A cute thing for the kids, but nothing too too original, right? Sure, a presidents race could be uniquely associated with Washington, but Milwaukee has had the racing sausages forever, closer to home Baltimore has the ketchup & mustard race, and minor league baseball teams have been doing this sort of thing for decades. That was my initial reaction.
Then, soon after the Presidents Race had been introduced, I met a Nationals employee and asked him the question that had been burning in my son's head. "Do you decide in advance who's going to win?, I asked." His answer was surprising and illuminating. "We don't decide in advance," he said. "The only rule is that Teddy can't win."
I had to admit I hadn't remembered a Teddy victory to that point. My first reaction was that this was hilarious. A novelty. I have since realized that it was an utterly brilliant marketing decision.

"We don't decide in advance," he said.
"The only rule is that Teddy can't win."

For quite some time, the notion that Teddy never wins was like a little inside joke for me and my son. At Nationals games, we'd share this little tidbit with fans seated near us during the presidents race, always to their surprise, and as if it were secret inside information.
By the end of the 2006 season, Nationals season ticket holders had figured it out, and the presidents race began to be occassionally greeted by a chear of "Teddy! Teddy!" scattered throughout RFK Stadium.
For 2007, in it's first full season under ownership of the Lerner family, the Washington Nationals marketing organization started to really leverage what they had created. On opening day, the presidents race started without Teddy Roosevelt, but he entered late to pass the field via a zip line from atop the stadium roof. His dramatic entrance led to a disqualification, but set the stage for the season that was to come. With each presidents race, Teddy Roosevelt found a more and more dramatic way to lose, yet the streak continued. With the Nationals baseball team off to a horrific 9-23 start by mid-May, the crowds and the media both adopted Teddy Roosevelt as their hero.
The Teddy fever peaked late in the season on September 1, which was Teddy Roosevelt bobblehead night.

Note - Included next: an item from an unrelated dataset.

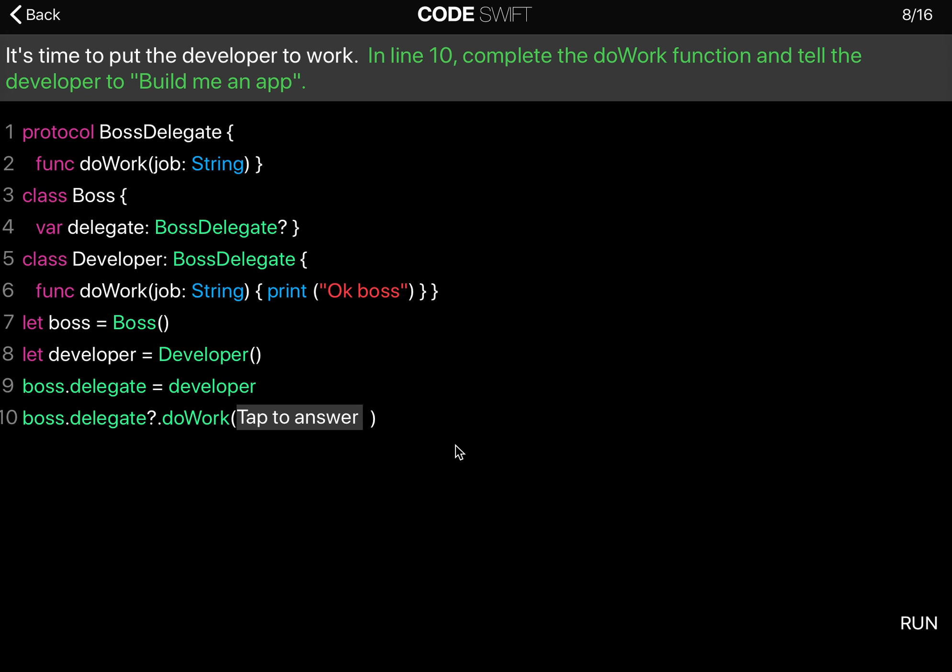It's time to put the developer to work. In line 10, complete the doWork function and tell the developer to build me an app.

Fans and reporters speculated that this would be the big night that Teddy Roosevelt won the presidents race. After all, fake secret service agents had previously been on hand to help George, Abe, and Thomas win the presidents race on each of their bobblehead nights. The cheers for Teddy were louder than any noise made by the fans at any point in the game (including the booing when Barry Bonds stepped to the plate). Alas, it was not to be. Teddy fell off the throne he'd been carried in on, and lost the race to George Washington in a sprint to the finish.
Let Teddy Win in 2008!

Call me crazy, but at a certain point in the 2007 Nationals season I decided I was going to adopt Teddy Roosevelt as a personal cause. Not to take anything away from the baseball team (because I love the Nationals), but even the most inspired play by a young but talent-starved team with a losing record and no history is going to have limited mass appeal. While Stan Kasten, Jim Bowden, and Manny Acta are busy trying to assemble the 2011 World Series champions, Teddy Roosevelt and the endless quest to win the presidents race are the best story in town, and the first real opportunity we have as a fan base to establish our own unique tradition. Even if the Nats get off to a rocky start again in 2008, Teddy can still help pack 'em into the new ballpark.

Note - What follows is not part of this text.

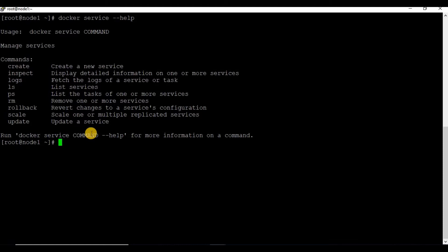We are going to see more today about Docker services. We will see how to create Docker services, inspect the service, list the services, update replicas, rollback, and remove the services.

So, in keeping with the great history of fan-generated major league baseball traditions, I registered, to help build support by Nationals fans for Teddy Roosevelt in his quest to win the presidents race. For the time being, I have set up a shop at CafePress where you can order Let Teddy Win t-shirts and I am pointing the domain name there.
I knew I was onto something when I registered the trademark, designed the first t-shirt, and within days got a notification that an order had been placed. I don't know how they found it, but it confirmed for me that the Teddy fans are out there.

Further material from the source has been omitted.